Friday, August 24, 2018

Looking Back, August 2014

A peek into the journal from August, 2014.  Back when I worked at home for the sister-in-law, advertising on ebay.  When all the children were at home.  One had yet to graduate, but all had steady jobs.  Now the house is empty, and I do corn alone.  Not that mama and sister are not available, but my heart needs to process grief alone most days.....


Some things happening here recently….

Three weeks of iffy internet service because of a modem which fails to consistently recognize requests for internet access by the various devices in the house. If I was paid minimum wage for every hour I spent on the phone with the company and troubleshooting (and wishing I could shoot it) it would almost pay the week’s groceries!

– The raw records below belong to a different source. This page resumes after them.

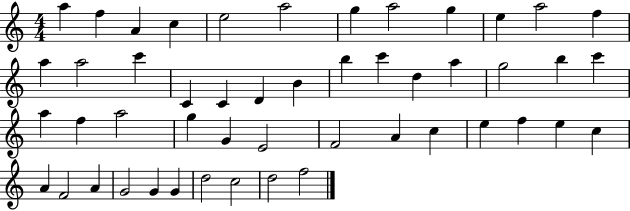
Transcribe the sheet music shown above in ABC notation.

X:1
T:Untitled
M:4/4
L:1/4
K:C
a f A c e2 a2 g a2 g e a2 f a a2 c' C C D B b c' d a g2 b c' a f a2 g G E2 F2 A c e f e c A F2 A G2 G G d2 c2 d2 f2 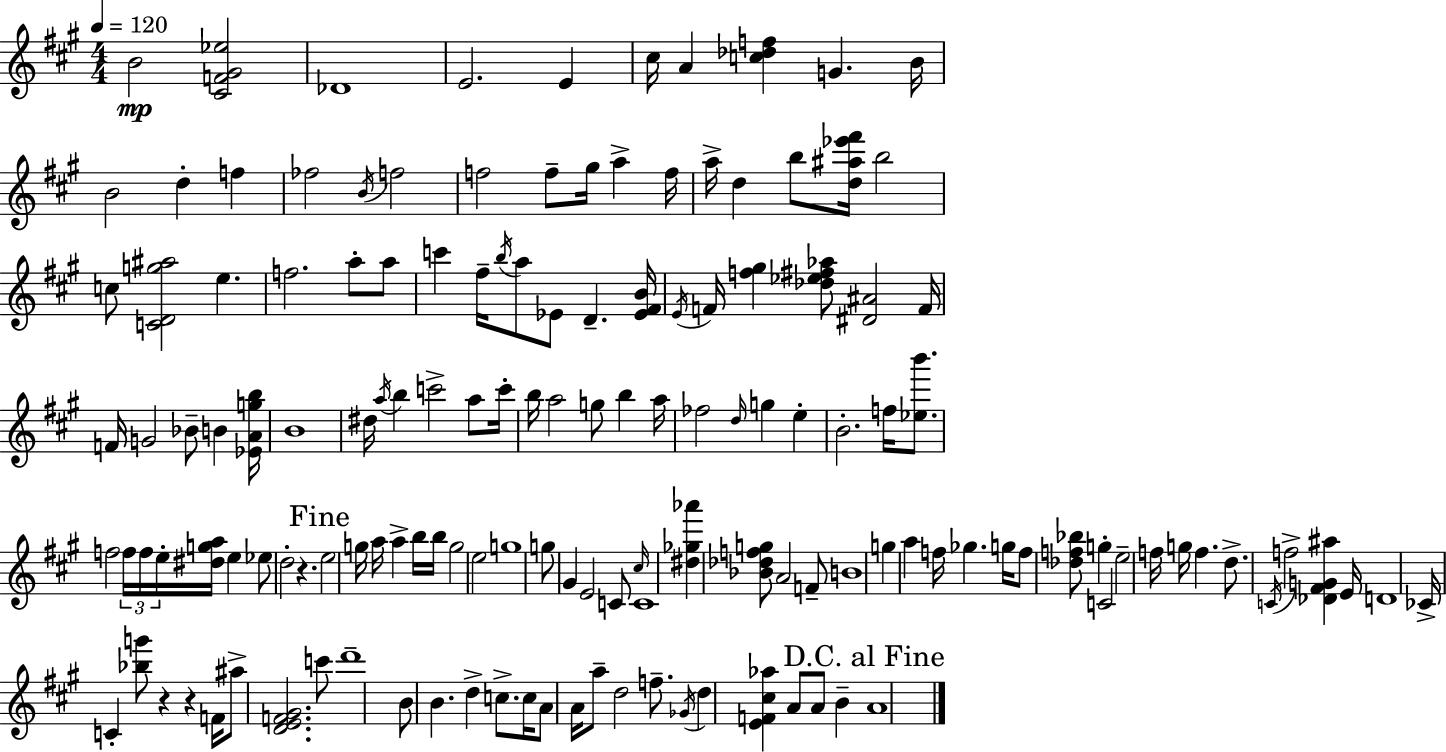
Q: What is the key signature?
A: A major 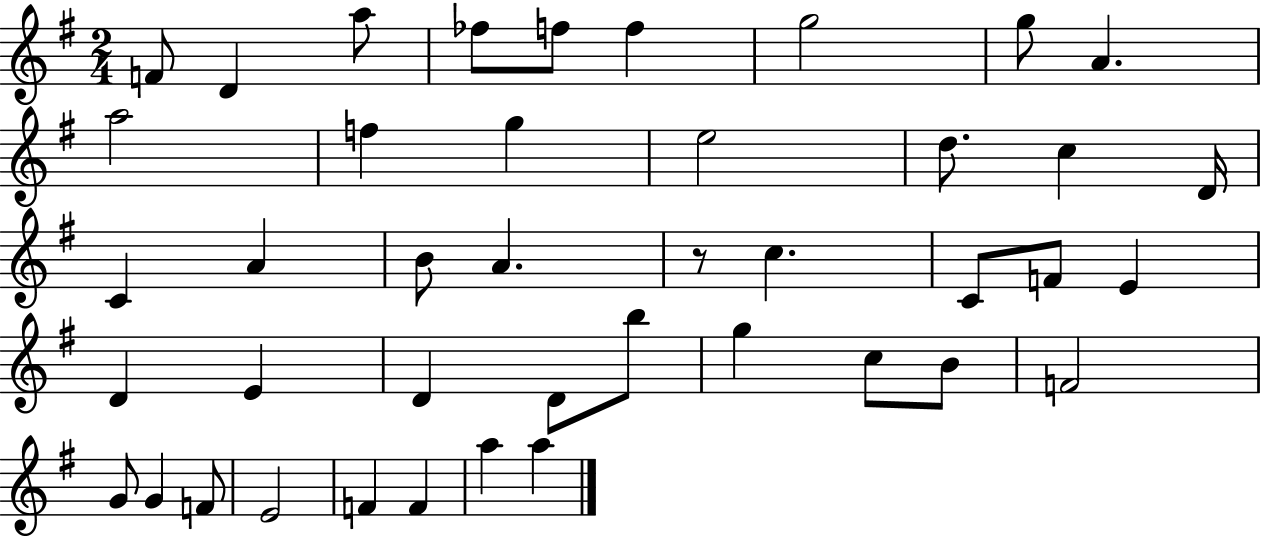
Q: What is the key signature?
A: G major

Sitting at Trailside on a hot humid day taking advantage of their free wifi and feeling quite out of place, uploading info to eBay as fast as I can while trucks and their drivers come and go around me, so I can get home, cool off, and catch up on work there. This is what working from home looks like???

Processing 225 ears of corn with son (part time) and daughter (part time), from 8AM to 8PM (including doing cleanup solo). Processing 225 ears of corn a week later with daughter, husband, mom, dad, grammy, sister, brother-in-law, and assorted children and finishing by noon. Many hands make light work, if you have elbow room in which to work! Until the bag in the middle of the stack breaks in your sister’s freezer and the corn juice leaks to the bottom and freezes everything in one solid lump and you have to chip it all out and defrost the freezer to clean it, wipe everything down and begin again…and everyone else has already gone home and the children are waaay overdue for naps….aargghhh

The joy of having hubby at home for a week to do all those things I can do but don’t have time to do (mow the yard, listen to his wife, take daughter‘s truck for new tires, listen to his wife, take daughter’s car for repair, listen to his wife, get groceries, listen to his wife, pick up 5 baskets peaches, husk corn, listen to his wife, and rescue daughter below, and does his wife now have him caught up on all the issues that need decisions?), and the undercurrent of concern that he doesn’t have work this week.

Being grateful that God provided a good load for next week, being frustrated that good week’s work runs into (and over) our planned weekend away (one of just two each year!).

An SOS call from son on behalf of daughter (who forgot her phone) whose exhaust fell off her car on the way to Bible Study. Hubby to the rescue with a handful of zip ties to temporarily remedy the problem. So glad he was home! Sometimes rust isn’t cool.

Opening the door in the early AM so the cats can come in for breakfast (feeding them outside brings too many extraneous critters, tame and otherwise, to our door) and nearly stepping on the live bat one brought as a hostess gift. A wakeup call I didn’t particularly need…

Forgetting to send son’s transcript to LBC and therefore missing the deadline and costing him a chance at JumpStart this fall. Thankfully he is forgiving, and anyway his schedule is already whimpering from overload (or is it his mother??).

Straining my brain to think of ways to make practicing letters and numbers appealing to a normal, active five-year-old nephew. Since when does a child have to know and write his letters and numbers before entering kindergarten?? A son said, “I never went to kindergarten and I did OK.” His father replied, “You were in kindergarten for years and didn’t know it! You didn’t go to school, you lived it.” Being so grateful for the privilege of home schooling!

Putting away the breakfast dishes so I can wash the lunch dishes so I can clear the table of supper dishes, so I can set out breakfast. Ever have days like that?

Having a child ask, “What are you doing today?” and thinking, I’ve got to get dressed, do the dishes, start the day’s laundry, clean up the bedroom, check email, water the porch plants, sweep the floor, and by that time it will be time to start lunch, IF there are no interruptions! But thanks for being interested in my day!

Pondering a dear sister-in-Christ’s comment in a conversation about the common mindset today to “Just take out of your life things that don’t make you happy” including even your marriage partner. She said, “I made a commitment.” So simple. So profound. So encouraging!

That said, some days I am just plain angry at how cheaply this world holds marriage and the commitment it requires. I and the Man I belong to worked hard for what we have! And are still working. Where do they get off thinking they can casually trash it? Anyway, what is the point of marriage, or even any kind of friendship with another person if I can be put aside at any time for ceasing to make that person happy? Is it all about them? Or me? What kind of security is that, knowing whenever “happy” changes or ends (and it will), I can be pushed aside for the next model?

Ok, ‘nuff ranting. Murphy’s law says the phone tech guy will show up right about now because I’m not out of my sweats yet. Of course, if I was perfectly put together and prepared for the day (ha - when do either of them happen??) then he won’t show til Monday!